Here’s what’s important in the business world this morning:
Iran: Anti-Iran sanctions are forcing a shipping company backed by the governments of India and Iran to close, the company said Wednesday.
The Irano Hind Shipping Co., jointly owned by the Shipping Corp. of India and the Islamic Republic of Iran Shipping Lines, was formed in 1974 and is among the few international ventures to survive the 1979 Islamic Revolution and decades of economic and diplomatic pressure from the West.
India is one of the main targets of U.S. attempts to chip away at Iran's critical commercial lifelines across Asia. In May, U.S. Secretary of State Hillary Rodham Clinton visited New Delhi to urge leaders to cut back on oil imports from Iran - about 9 percent of India's fast-rising energy consumption - and turn to other suppliers such as Saudi Arabia.
The breakup of Irano Hind - which was placed under U.N. sanctions in 2010 - shows how even longstanding companies can quickly become unhinged by the widening sanctions.
Ford: Plummeting sales in Europe - and no hope for a quick fix in the troubled region - hurt Ford's second-quarter profit and forced the company to lower its full-year earnings forecast.
Ford joined a string of other multinational companies - including UPS and Xerox Corp. - in cutting its profit forecast for the full year because of weakness in the region. The company expects to lose more than $1 billion in Europe in 2012, double its estimate from the beginning of the year.
The automaker still expects a "strong" overall operating profit in 2012, but it will be lower than the $8.7 billion in 2011. Previously Ford had expected to make about the same amount as 2011.
Ford earned $1 billion, or 26 cents per share, in the quarter, down 57 percent from $2.4 billion, or 59 cents, a year earlier. Without one-time items, including the sale of two parts factories, it earned 30 cents. That beat Wall Street's forecast of 28 cents.
Quarterly revenue fell 6 percent to $33.3 billion.
Spain: Spain remained under intense financial pressure Wednesday as investors demanded high rates to lend the government money, while the country's politicians battled to avert a full-blown bailout for the economy.
The yield, or interest rate, on Spain's benchmark ten-year bond spiked 0.11 percentage point to 7.65 percent in the first hour of trading, although it later eased back to 7.45 percent by early afternoon.
A rate above 7 percent is deemed untenable over the long term - Spain has been suffering it for several weeks. Should Madrid find it too expensive to raise money from bond markets at such rates, it would have to ask for an international bailout like those sought by Greece, Ireland or Portugal.

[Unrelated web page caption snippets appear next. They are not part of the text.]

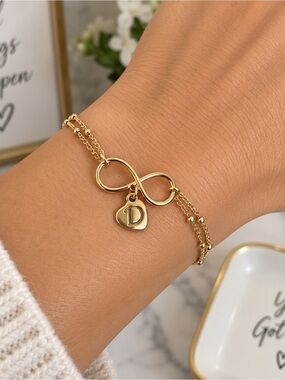 Gold Tone Infinity Bracelet with D Initial Charm Layered Chain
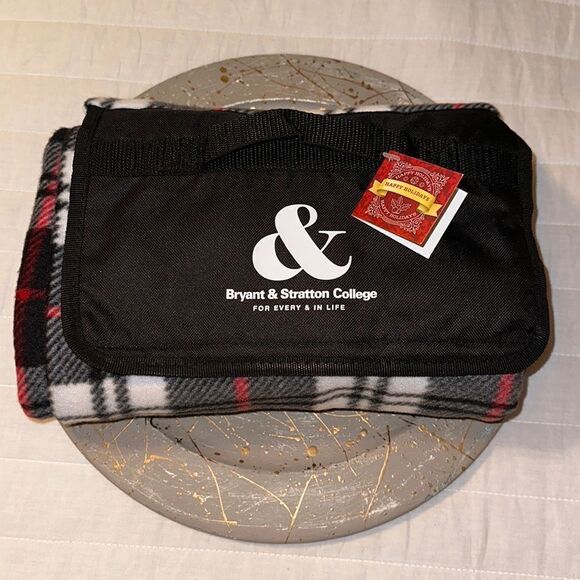 Bryant & Stratton Holiday Gifting Picnic or Lounge Plaid Fleece Blanket - Picture 1 of 9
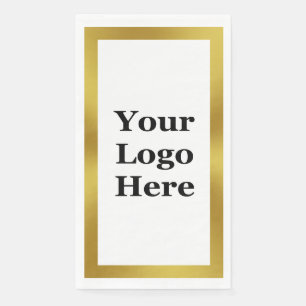 Elegantes White and Gold Business Ihr Logo hier Serviette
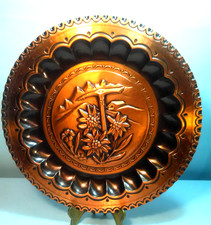 Ervino Wand- Teller Kupfer Wandbehang Relief Berge Mid Century Deko Vintage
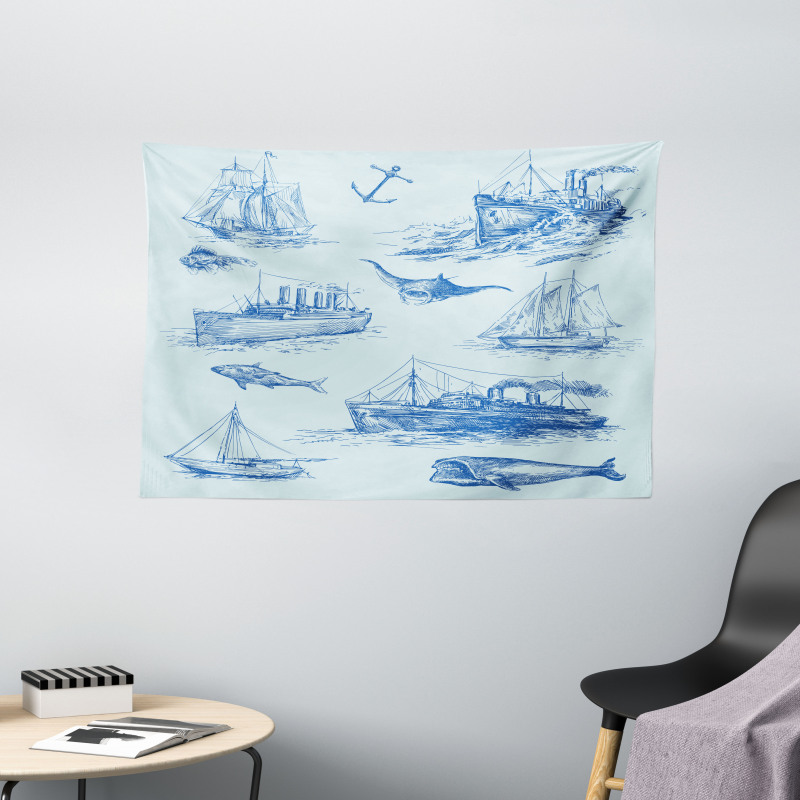 Wildlife Shark Boat Wide Tapestry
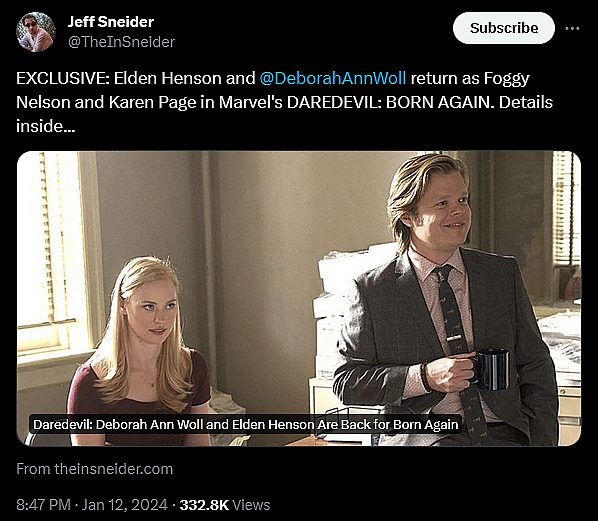 Jeff Sneider breaks the news about the return of Karen Page and Foggy Nelson in 'Daredevil: Born Again'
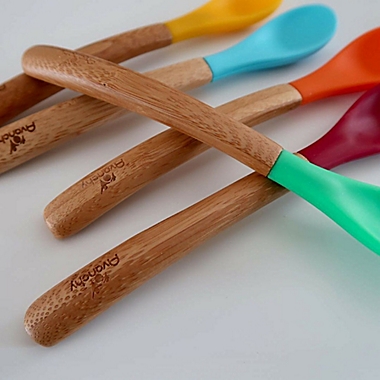 Avanchy Bamboo + Silicone Infant Feeding Spoons in Pink (Set of 5). View a larger version of this product image.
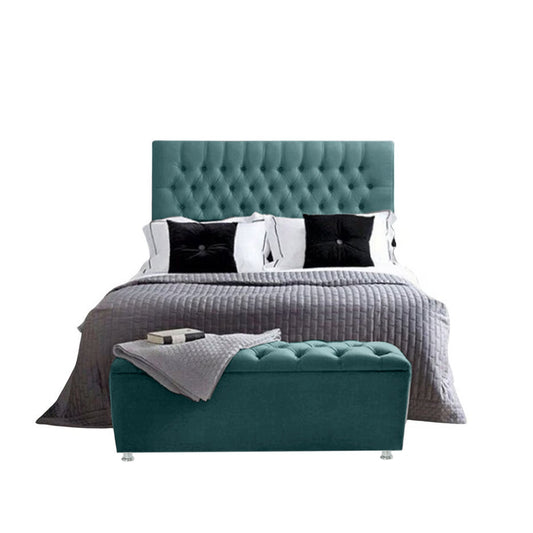 Base Cama Con Espaldar Semidoble Paris Verde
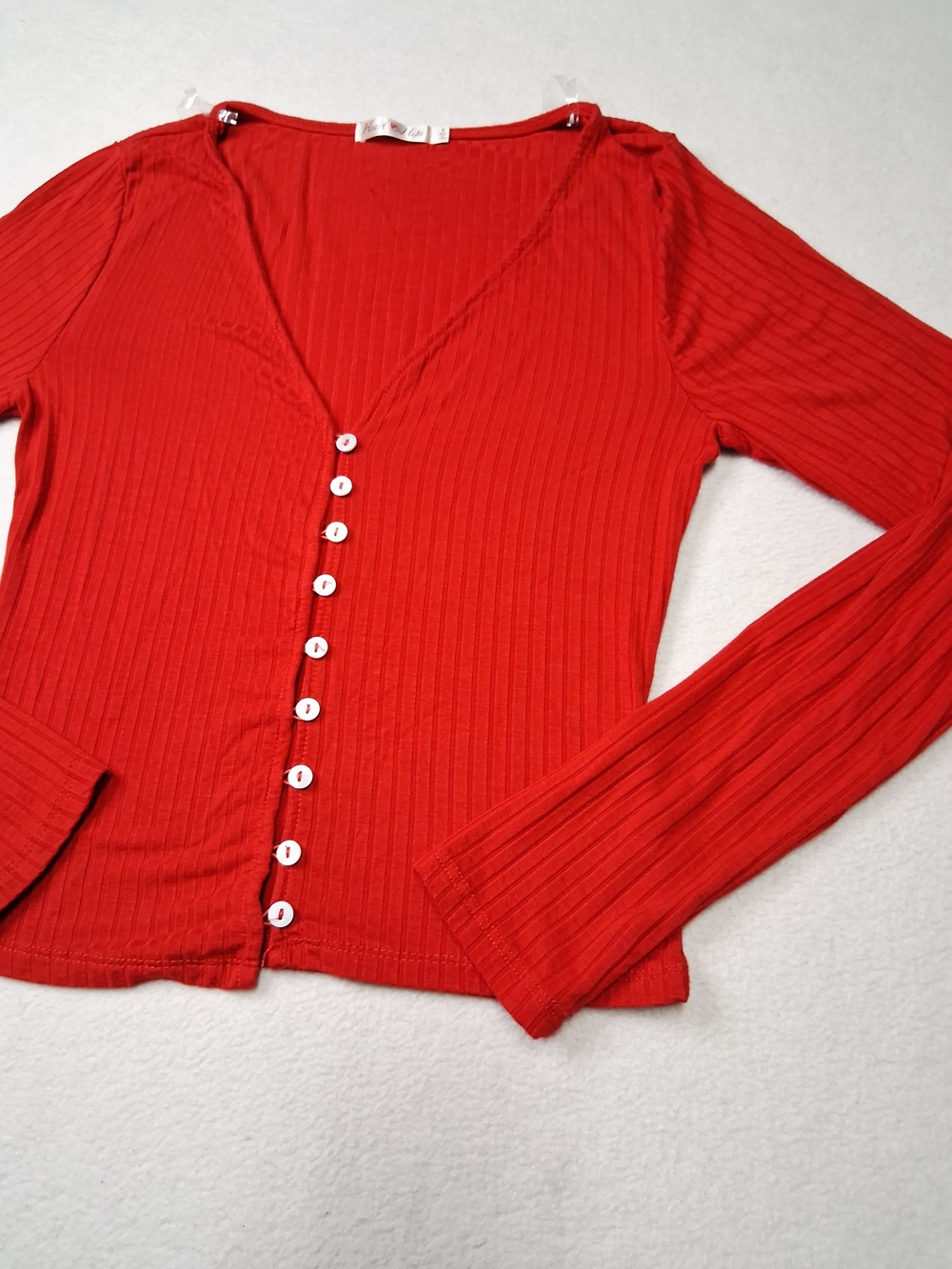 Heart & Hips Red Ribbed Long Sleeve Button-Front Top - Picture 2 of 5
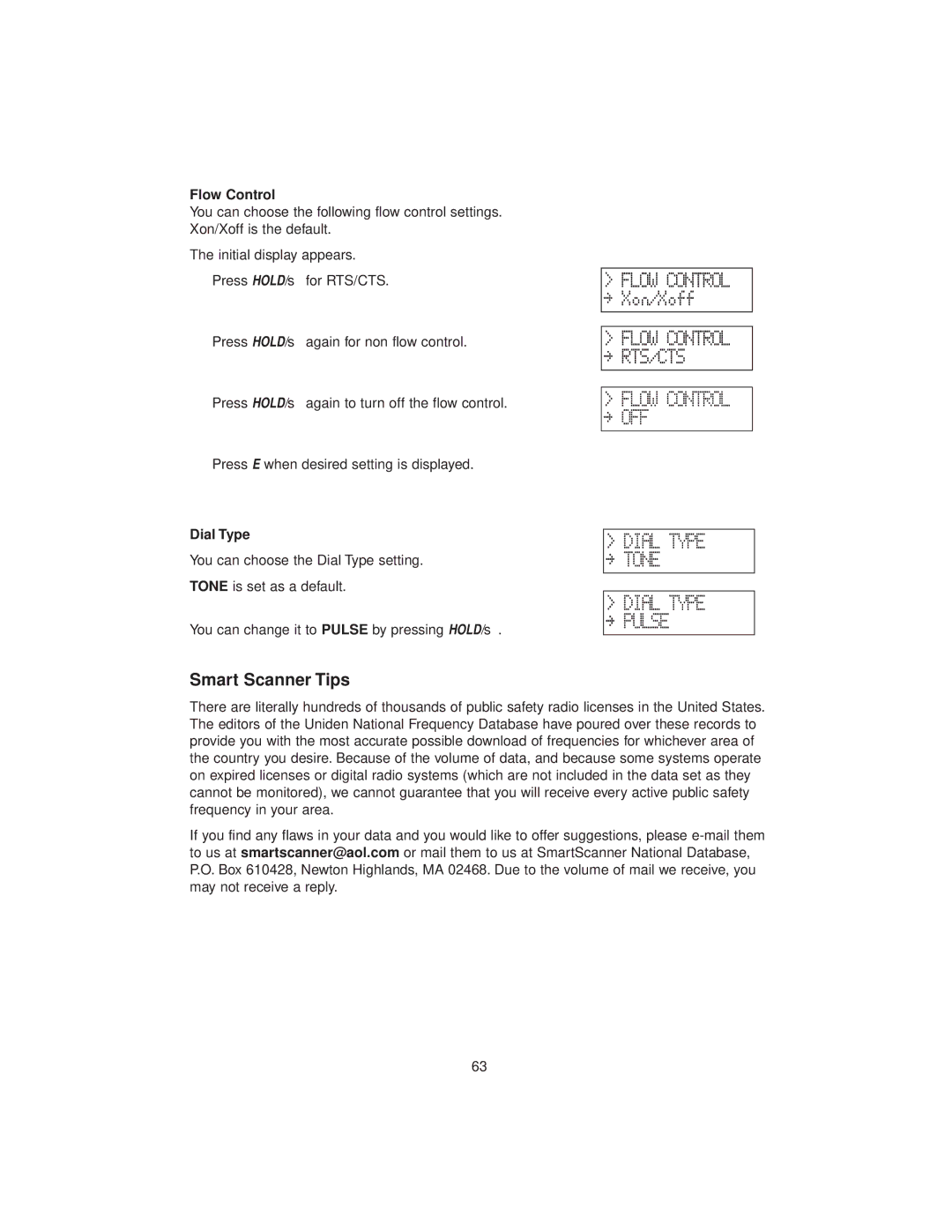 Uniden BC780XLT manual Smart Scanner Tips, Flow Control, Dial Type 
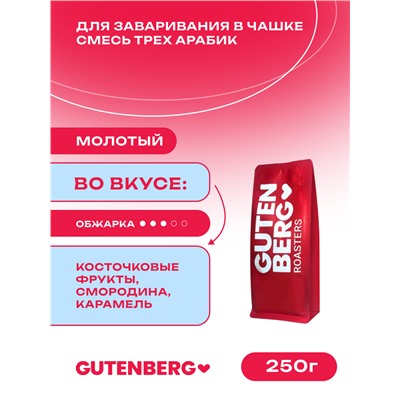 Кофе молотый для заваривания в чашке Смесь трёх арабик, уп. 250 г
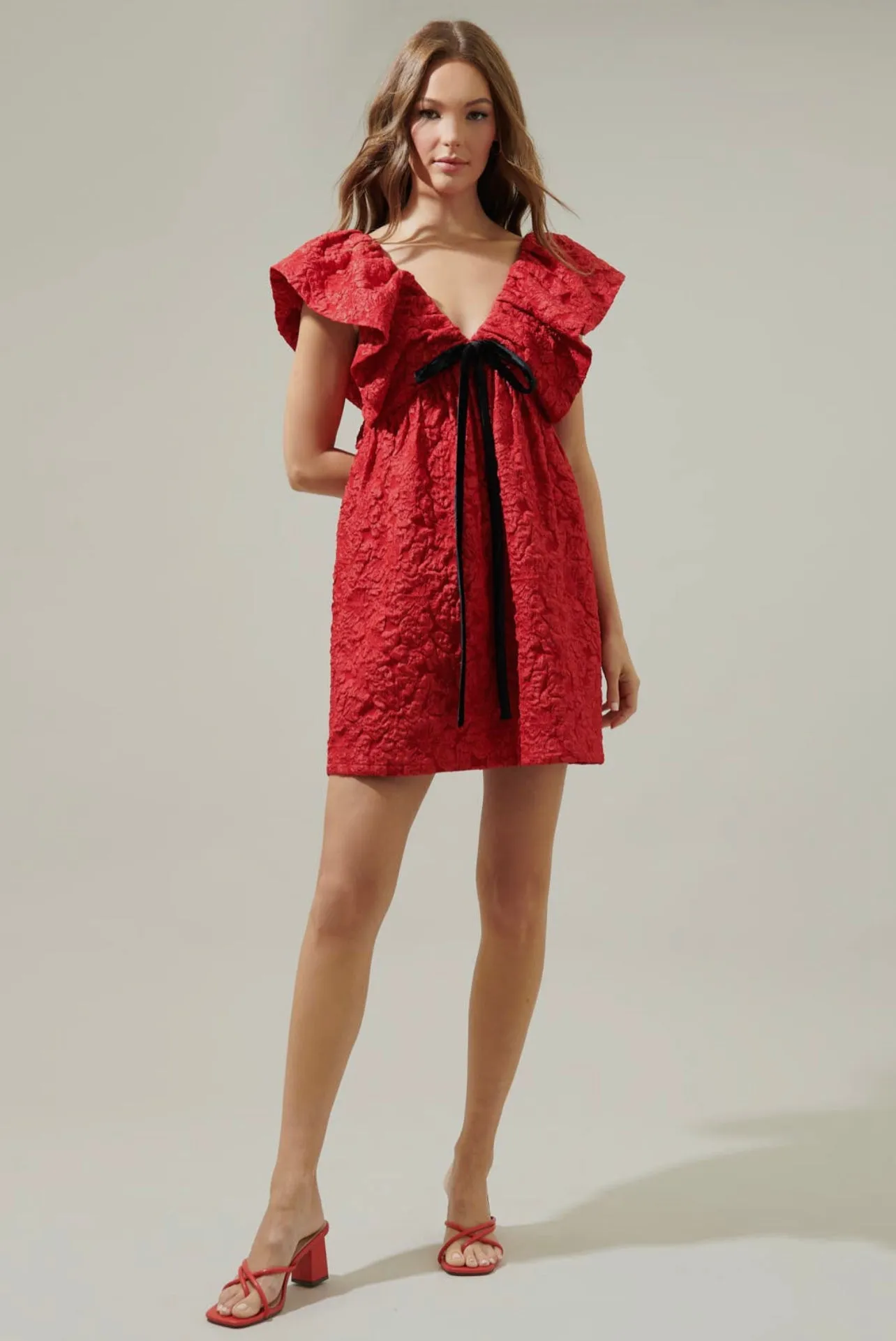 Arielle Jacquard Mini Babydoll Dress - Red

The country's benchmark Ibex 35 stock index was up by nearly 2 percent, recovering only a fraction of the previous three days' heavy losses.
Spain denies it will need financial rescue for its public finances, but many investors now think it's only a matter of time.
U.S. Futures: Futures were mixed Wednesday as investors overlooked a bevy of ugly quarterly earnings on the growing belief that the Federal Reserve will soon step in to revitalize the economy.
Dow Jones industrial futures added 125 points to 12,649 and the broader S&P futures rose 8.8 points to 1,338.30. Tech heavy Nasdaq futures slid 3.75 points at 2,544.75 after surprisingly weak earnings from Apple and Netflix.
Apple shares fell more than 4 percent in premarket trading Wednesday after the company revealed in its earnings report that consumers, leery about what is ahead for the U.S. economy, are buying lower-end versions of iPads and iPhones.
It was Apple's slowest growth in two years and also a rare miss as it fell short of Wall Street expectations.
The Associated Press contributed to this report.